Belmont brings mayoral candidates to the microphone

Tuesday night Mayoral Debate at Belmont University. (photo courtesy of Belmont University)

A Mayoral Candidates Forum was held at the McPhee Concert Hall located on the historic campus of Belmont College on June 25. This was the first televised debate for the mayoral candidates. Mayoral candidates include: David Briley (current Nashville mayor), John Cooper (Metro councilman–at-large), John Ray Clemmons (state representative) and Dr. Carol Swain (retired Vanderbilt professor). The event was narrated by Rhori Johnston and David Plazas.

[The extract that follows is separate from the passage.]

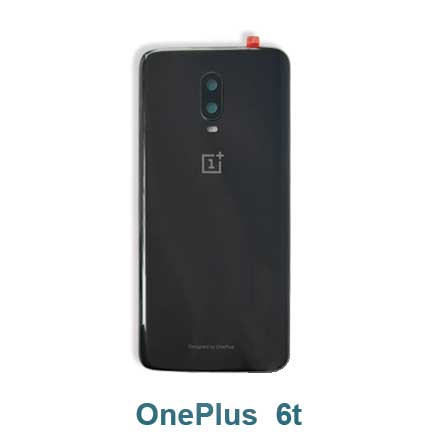 OnePlus 6T (1+6T) - (Glass) Original Back Shell / Back Panel / Battery Cover / Back Door / Back Replacement Part with Camera Lens Protection.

The top four candidates had an intellectual spa for the first time on television, addressing corporate tax breaks and incentives, property taxes, traffic congestion, affordable housing, education and more, during a debate sponsored by The Tennessean, NewsChannel 5 and Belmont University.

Mayor David Briley defended his budget that passed the Metro Council last week, saying that he opposed a property tax rate increase to fully fund schools.

“Real leadership is needed in Nashville,” Clemmons said.

Dr. Carol Swain took jabs at the establishment, including Mayor Briley, accusing him of being “tied to the good old boys network. We have leaders, who can’t say no. They spend like drunken sailors.”

Cooper said: “There’s a moment when you need to wake up and realize the current practice of using tax breaks to lure large corporations to Nashville really isn’t necessary.” He said tax breaks for companies should be focused on small business and local employers.

The candidates also addressed the low morale among the staff and teachers and turmoil in Metro Schools. Low morale can lead to productivity problems. Cooper feels that, “Schools need to spend more than half of the money on educator pay.

Mayor Briley didn’t like this idea, saying: “I am making a demand on them that they change the way that they do business. They need to be more responsible with their money.”

Another key topic was how Metro Police Chief Anderson has received criticism in his handling of two fatal shootings of African Americans, and whether they would keep Anderson as police chief.

Briley responded by saying: “I don’t agree with 100% percent of what Chief Anderson has done but I support him.”
“I think that we can do better and it’s time for a change,” said Dr. Swain.

Swain noted that she feels like Chief Anderson has lost the respect of many of the Metro police officers.

Democratic Tenn. state Rep. John Ray Clemmons, said: “No one is guaranteed a job in my administration.”

Councilman-at-Large Cooper said: “We are going to have a new era in our relationship between the community and the police.”
The debaters also covered the controversial topic of the use of e-scooters.

Dr. Swain she agreed with Briley’s decision to ask Metro Council to ban the scooters until a safety framework can be activated.
Cooper and Clemmons called for a larger-scale increase in infrastructure like protected bikeways.

Since e-scooters block the way for pedestrians and those in wheelchairs, Briley defended his push to ban them. Briley and the other candidates concluded their remarks by thanking The Tennessean and Chanel5 News and Belmont for having a televised debate. Briley concluded by saying: “I love Nashville.”